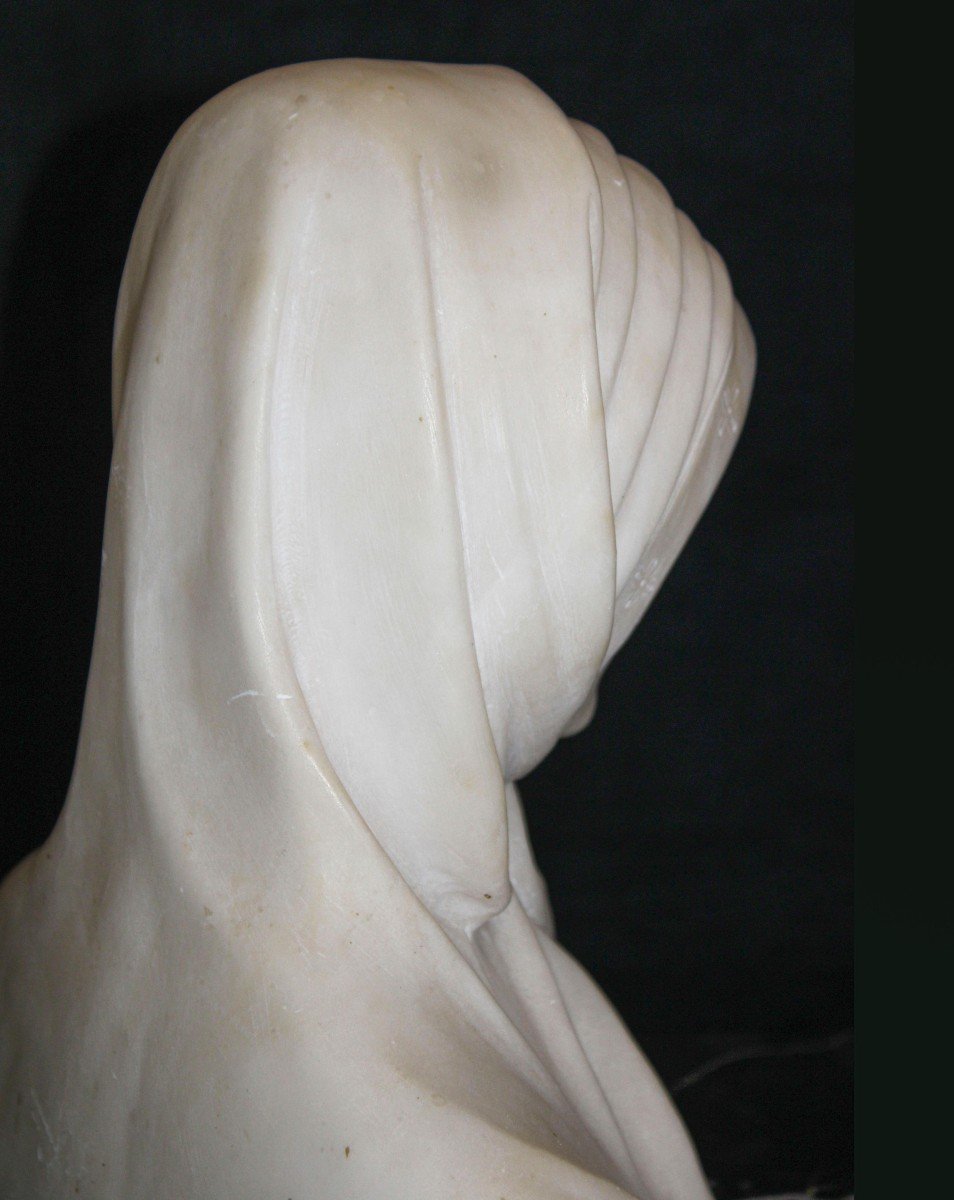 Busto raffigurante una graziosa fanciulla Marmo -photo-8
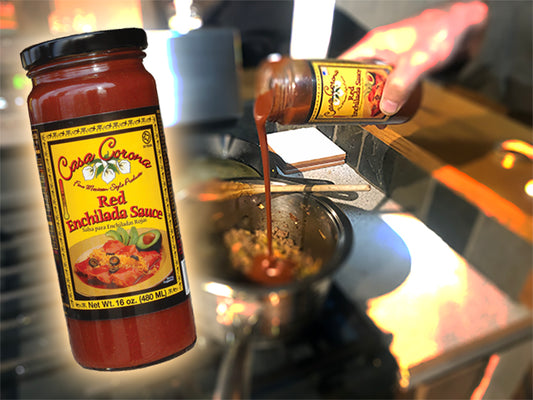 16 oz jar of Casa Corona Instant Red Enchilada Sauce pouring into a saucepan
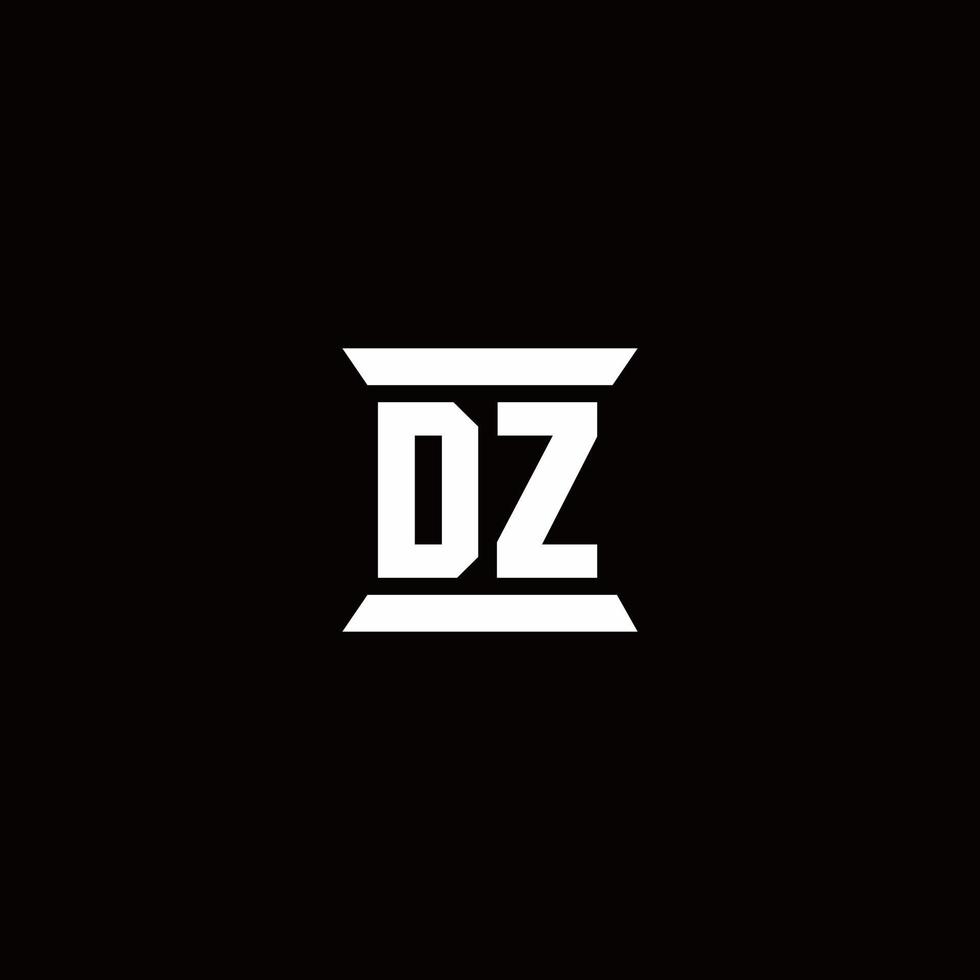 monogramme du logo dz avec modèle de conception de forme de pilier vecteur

- - - -

Give an exact copy of the listing, without its pictures.

SOLUTION TO THIS EXERCISE >>
 Busto raffigurante una graziosa fanciulla Marmo -photo-8
 16 oz jar of Casa Corona Instant Red Enchilada Sauce pouring into a saucepan
 monogramme du logo dz avec modèle de conception de forme de pilier vecteur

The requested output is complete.